C&AL: How did you end up in the art world and what are some of the issues you address in your work?
Liliana A. Romero: In a country like Colombia, making the decision to be an artist is both a privilege and a risk; something which, unfortunately, many of us don’t realise from the outset. During my studies, I began to question the rules and laid-out tracks along which my life had moved so far and that had pigeon-holed me into a reality that violated my physicality and mentality as a Black woman. Once you start realizing that the world is made up of various perspectives and diversities, your reality is altered; it is as if you were being lifted out of a deep sleep.
I began to dedicate my art to call attention to the history I had lived through, questioning the conditioned reality for Black people in Colombia.
C&AL: Which role does activism play in your work as an artist?

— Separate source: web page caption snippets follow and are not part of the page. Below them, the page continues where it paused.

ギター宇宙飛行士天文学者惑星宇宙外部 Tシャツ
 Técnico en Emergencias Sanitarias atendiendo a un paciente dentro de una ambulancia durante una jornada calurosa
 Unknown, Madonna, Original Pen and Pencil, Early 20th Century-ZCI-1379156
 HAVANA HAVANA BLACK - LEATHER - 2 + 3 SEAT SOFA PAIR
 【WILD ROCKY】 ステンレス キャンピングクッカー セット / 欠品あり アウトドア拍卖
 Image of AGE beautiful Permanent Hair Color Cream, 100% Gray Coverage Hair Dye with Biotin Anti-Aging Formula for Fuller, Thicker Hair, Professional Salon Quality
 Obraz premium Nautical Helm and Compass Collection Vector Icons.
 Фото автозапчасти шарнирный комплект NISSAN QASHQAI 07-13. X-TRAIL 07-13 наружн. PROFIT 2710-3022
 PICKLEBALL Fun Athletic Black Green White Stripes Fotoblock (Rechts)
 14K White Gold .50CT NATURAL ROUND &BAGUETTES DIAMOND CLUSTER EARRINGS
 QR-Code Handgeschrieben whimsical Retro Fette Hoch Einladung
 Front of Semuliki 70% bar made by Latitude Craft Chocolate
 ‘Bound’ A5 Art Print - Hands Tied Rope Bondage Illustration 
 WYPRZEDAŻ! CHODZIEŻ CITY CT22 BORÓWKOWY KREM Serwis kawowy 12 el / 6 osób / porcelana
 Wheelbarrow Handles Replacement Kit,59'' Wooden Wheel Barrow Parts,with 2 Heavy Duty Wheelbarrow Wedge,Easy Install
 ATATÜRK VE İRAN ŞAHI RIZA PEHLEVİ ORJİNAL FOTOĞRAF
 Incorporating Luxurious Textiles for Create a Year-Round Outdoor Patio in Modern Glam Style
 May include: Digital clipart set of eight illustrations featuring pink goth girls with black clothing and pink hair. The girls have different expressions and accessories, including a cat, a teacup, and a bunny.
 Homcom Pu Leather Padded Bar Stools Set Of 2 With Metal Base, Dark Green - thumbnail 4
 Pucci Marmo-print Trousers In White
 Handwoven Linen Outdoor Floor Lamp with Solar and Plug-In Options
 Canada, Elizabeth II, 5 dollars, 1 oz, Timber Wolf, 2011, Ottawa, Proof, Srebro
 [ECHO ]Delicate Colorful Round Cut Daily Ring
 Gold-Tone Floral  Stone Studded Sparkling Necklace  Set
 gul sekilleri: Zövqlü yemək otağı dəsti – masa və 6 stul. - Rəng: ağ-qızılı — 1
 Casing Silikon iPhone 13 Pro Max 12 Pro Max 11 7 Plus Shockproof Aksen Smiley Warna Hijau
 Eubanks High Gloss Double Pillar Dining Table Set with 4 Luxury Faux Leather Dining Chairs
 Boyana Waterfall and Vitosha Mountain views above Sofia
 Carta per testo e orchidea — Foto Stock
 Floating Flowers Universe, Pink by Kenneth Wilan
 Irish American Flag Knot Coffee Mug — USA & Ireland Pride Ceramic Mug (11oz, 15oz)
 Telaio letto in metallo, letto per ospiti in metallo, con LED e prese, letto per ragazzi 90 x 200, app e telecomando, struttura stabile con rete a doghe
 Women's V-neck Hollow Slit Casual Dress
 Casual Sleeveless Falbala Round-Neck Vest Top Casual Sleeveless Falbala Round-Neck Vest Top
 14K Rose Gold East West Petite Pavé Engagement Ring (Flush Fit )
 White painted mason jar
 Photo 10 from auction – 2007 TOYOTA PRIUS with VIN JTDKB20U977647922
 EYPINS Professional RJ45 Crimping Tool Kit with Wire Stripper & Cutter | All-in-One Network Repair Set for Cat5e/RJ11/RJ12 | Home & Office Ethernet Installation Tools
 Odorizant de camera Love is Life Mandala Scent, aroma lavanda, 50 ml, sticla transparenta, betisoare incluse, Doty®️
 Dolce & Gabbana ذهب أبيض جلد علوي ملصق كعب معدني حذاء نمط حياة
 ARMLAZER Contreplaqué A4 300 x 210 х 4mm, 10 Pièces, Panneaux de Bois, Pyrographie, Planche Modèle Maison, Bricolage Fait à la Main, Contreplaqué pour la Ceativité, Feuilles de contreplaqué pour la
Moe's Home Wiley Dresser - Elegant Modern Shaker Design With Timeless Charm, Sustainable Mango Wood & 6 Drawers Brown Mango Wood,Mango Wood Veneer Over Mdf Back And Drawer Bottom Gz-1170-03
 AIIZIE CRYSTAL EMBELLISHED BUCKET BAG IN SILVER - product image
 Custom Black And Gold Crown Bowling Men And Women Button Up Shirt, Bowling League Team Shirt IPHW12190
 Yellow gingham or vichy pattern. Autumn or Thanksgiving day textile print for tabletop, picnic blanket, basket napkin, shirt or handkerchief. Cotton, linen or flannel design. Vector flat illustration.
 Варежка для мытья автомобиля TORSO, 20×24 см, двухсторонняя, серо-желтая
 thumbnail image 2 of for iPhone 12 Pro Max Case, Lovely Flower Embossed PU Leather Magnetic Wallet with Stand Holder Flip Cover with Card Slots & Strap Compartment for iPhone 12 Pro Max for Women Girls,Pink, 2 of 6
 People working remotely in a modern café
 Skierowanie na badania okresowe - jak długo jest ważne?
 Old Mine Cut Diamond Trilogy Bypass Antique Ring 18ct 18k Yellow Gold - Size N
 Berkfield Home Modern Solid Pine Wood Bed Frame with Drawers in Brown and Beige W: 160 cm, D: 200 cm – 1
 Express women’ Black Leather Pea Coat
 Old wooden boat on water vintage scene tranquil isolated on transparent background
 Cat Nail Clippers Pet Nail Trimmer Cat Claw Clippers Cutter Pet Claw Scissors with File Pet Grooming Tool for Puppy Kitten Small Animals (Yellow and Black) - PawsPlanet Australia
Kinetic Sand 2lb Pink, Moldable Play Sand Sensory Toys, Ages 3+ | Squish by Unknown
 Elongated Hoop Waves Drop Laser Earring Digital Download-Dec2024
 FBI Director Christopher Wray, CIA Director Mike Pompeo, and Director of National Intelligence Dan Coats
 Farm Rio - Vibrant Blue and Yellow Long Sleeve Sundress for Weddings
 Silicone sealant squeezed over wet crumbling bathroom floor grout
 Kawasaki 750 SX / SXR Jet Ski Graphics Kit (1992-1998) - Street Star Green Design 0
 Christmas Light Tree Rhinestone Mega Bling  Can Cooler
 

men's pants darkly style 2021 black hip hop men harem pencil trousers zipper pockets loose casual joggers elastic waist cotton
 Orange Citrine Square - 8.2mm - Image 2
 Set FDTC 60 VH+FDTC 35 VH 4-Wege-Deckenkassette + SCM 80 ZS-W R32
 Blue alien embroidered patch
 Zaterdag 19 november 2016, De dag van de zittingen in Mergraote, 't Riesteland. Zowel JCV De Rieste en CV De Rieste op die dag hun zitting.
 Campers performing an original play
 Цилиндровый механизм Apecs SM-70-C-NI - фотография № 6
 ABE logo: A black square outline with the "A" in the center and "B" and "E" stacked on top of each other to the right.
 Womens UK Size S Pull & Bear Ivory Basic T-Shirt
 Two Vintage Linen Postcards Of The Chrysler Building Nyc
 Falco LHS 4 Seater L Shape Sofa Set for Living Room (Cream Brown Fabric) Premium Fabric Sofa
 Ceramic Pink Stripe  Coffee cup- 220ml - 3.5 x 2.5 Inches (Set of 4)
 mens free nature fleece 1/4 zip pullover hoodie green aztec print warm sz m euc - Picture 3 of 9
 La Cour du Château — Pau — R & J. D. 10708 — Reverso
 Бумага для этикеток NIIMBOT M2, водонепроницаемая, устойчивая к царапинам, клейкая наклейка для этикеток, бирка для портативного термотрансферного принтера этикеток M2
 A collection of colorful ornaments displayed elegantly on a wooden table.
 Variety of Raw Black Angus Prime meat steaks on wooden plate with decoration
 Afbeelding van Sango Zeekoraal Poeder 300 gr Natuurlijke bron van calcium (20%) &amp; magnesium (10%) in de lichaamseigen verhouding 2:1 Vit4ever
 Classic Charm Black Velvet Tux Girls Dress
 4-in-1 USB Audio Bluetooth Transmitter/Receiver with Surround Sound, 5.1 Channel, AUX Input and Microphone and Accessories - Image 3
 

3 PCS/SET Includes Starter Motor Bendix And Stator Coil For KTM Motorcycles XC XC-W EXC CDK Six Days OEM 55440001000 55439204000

LAR: Activism has become an intrinsic part of my work. At this point, I couldn’t say where my artwork ends and where my activism begins. As a Black artist, you are forced to become politically active and to want so much more. It also forces you to look for ways to find more people like you, who feel the way you do, and who are searching for the same things as you. A desire begins to grow in your heart to call the attention of people who ignore the situations that affect your wellbeing and that of many others. My art is a cry for help, a call to action and, a tribute to those who fight to defend their existence and wellbeing. Activism is not an isolated part of my art; rather, my whole art is a form of activism.